McLean will line up against the Wallabies for the sixth time in his Azzurri career in Turin, seven years after playing with Will Genia and Nick Cummins for the Australian Under-19s.
He’s also expected to be bombarded at fullback or on the wing by one-time Brisbane Souths clubmate Quade Cooper, who’ll be launching attacking bombs for Israel Folau.
But if McLean and his Italian teammates can rise to the occasion at Stadio Olympico on Sunday morning (AEDT), he staunchly believes they can continue the Wallabies’ annus horribilis.
Australia have never lost to Italy in 15 meetings but, after a 3-8 record in 2013, they find themselves vulnerable against a team that upset both France and Ireland in this year’s Six Nations.
As big as those home wins were, McLean says the Azzurri’s first “Tri-Nations” scalp would be more meritorious.

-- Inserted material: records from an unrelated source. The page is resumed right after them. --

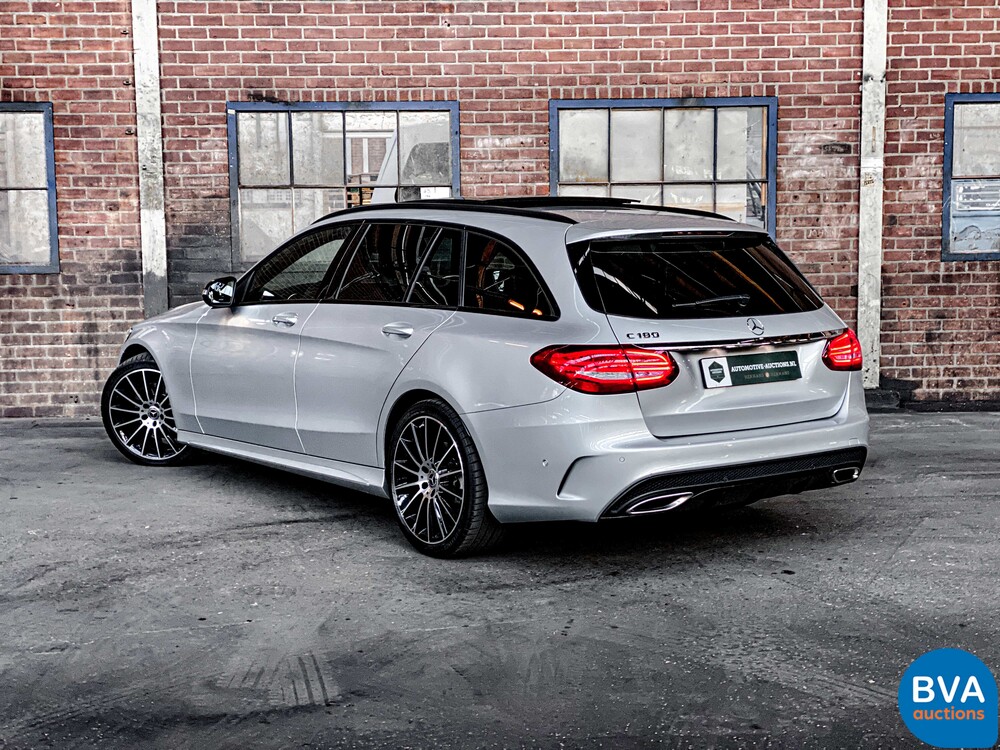Mercedes-Benz C180 AMG Kombi Sport Edition Premium Plus C-Klasse -Org NL- 156pk 2018, TK-290-.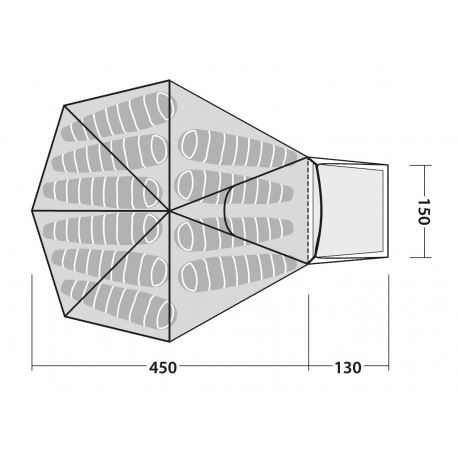 Αντίσκηνα / Σκηνές Robens Kiowa Tipi Tent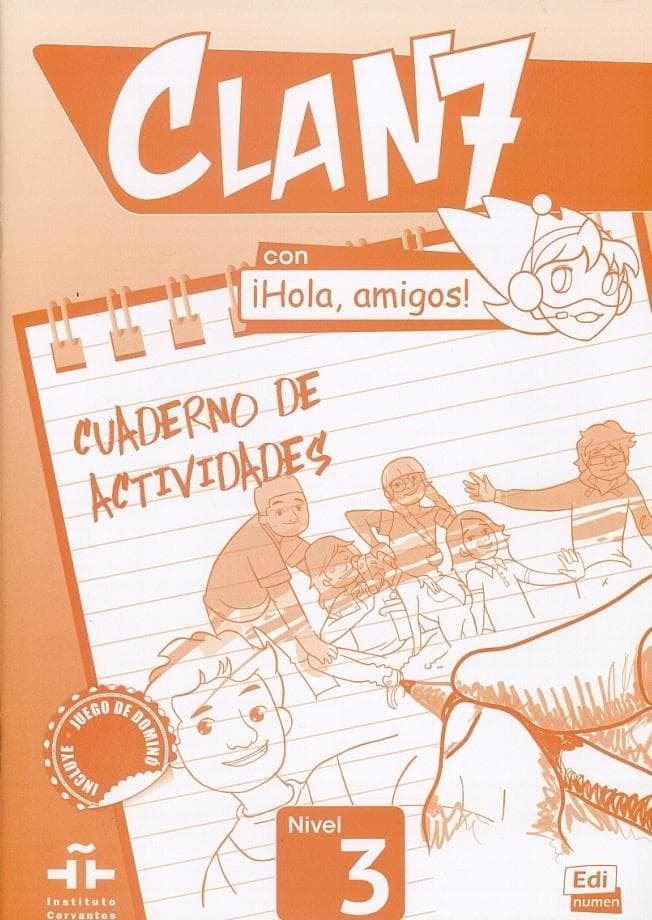 Clan 7 con Hola amigos 3 Zeszyt ćwiczeń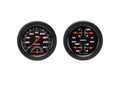 Classic Instruments Velocity Black 3" Ultimate Quad Gauge Set - VS32BBPF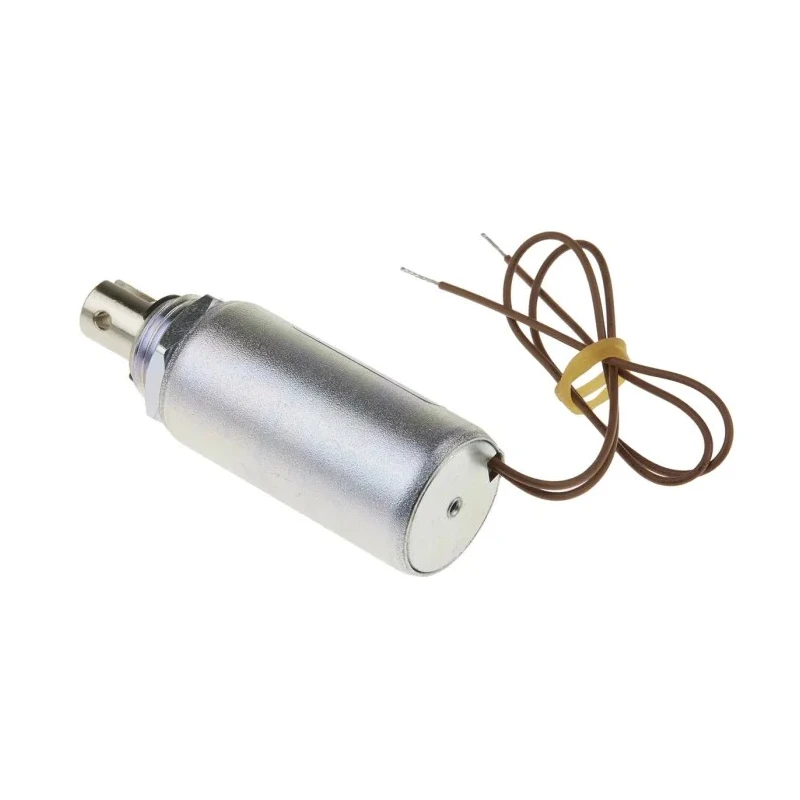 RS PRO Pull Action Linear Solenoid 50.8 mm 24V 100W Tubular Pull-Action 177-0146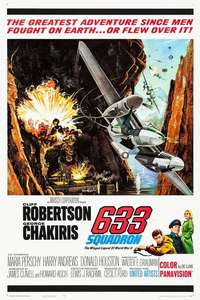 633 Squadron - Poster
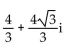 Perform the indicated operation. Write the answer in the form a + bi. -  A)    B)    C)    D)   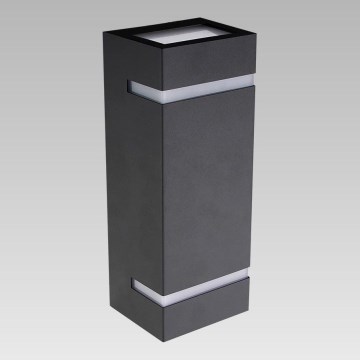 Prezent 31301 - Outdoor wall light TAMPA 2xGU10/5W/230V IP54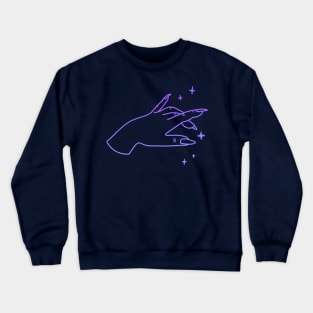 Witch’s hand Crewneck Sweatshirt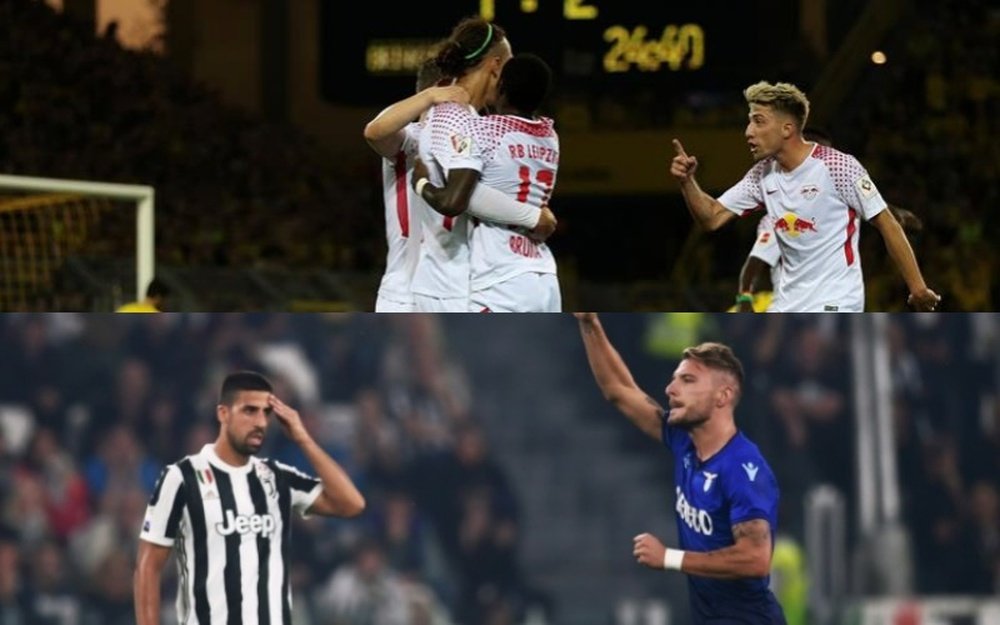 Borussia y Juventus perdieron sus récords. AFP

“It would probably be the biggest victory in Italian history,” he said.
“To take the scalp of the fourth-best team in the world, and the Wallabies – who have won the World Cup twice – everyone knows the importance and how difficult it will be to come away with the win.”
Under Frenchman Jaques Brunel, Italy have closed the gap against the top nations and Wallabies veteran Adam Ashley-Cooper believes the powerful Azzurri pack will be licking their lips.
Italy almost stole a win against Australia last year before falling 22-19, and finishing off rivals is now their big focus post-Six Nations.
“We obviously have to prove to ourselves, and the Italian public as well, that we are on the right track,” the lanky back said.
“The best way to do it is win those close games.”
But McLean doesn’t view Australia as a wounded beast ready to be picked off easily by smaller animals.
“You have to put it into perspective, (New Zealand and South Africa) are playing top-notch rugby and Australia has definitely improved since the season has gone on,” he said.
“They are a quality team and we have to be on our game because if you give their backs a bit of room they can run riot and we saw that in Argentina (54-16).”
Townsville-born McLean, who qualifies to play for the Azzurri through an Italian grandmother, hasn’t looked back since leaving Perth in late 2007.
He found it strange to hear the Australian national anthem the first time he played the Wallabies, but now he’s unfazed.
“Once you get out on the field it’s 15 vs 15 and you see them as the opposition and you want blood,” he said.
“After being in Italy for so long now (I’m more Italian), even my girlfriend keeps telling me I’m losing my English.”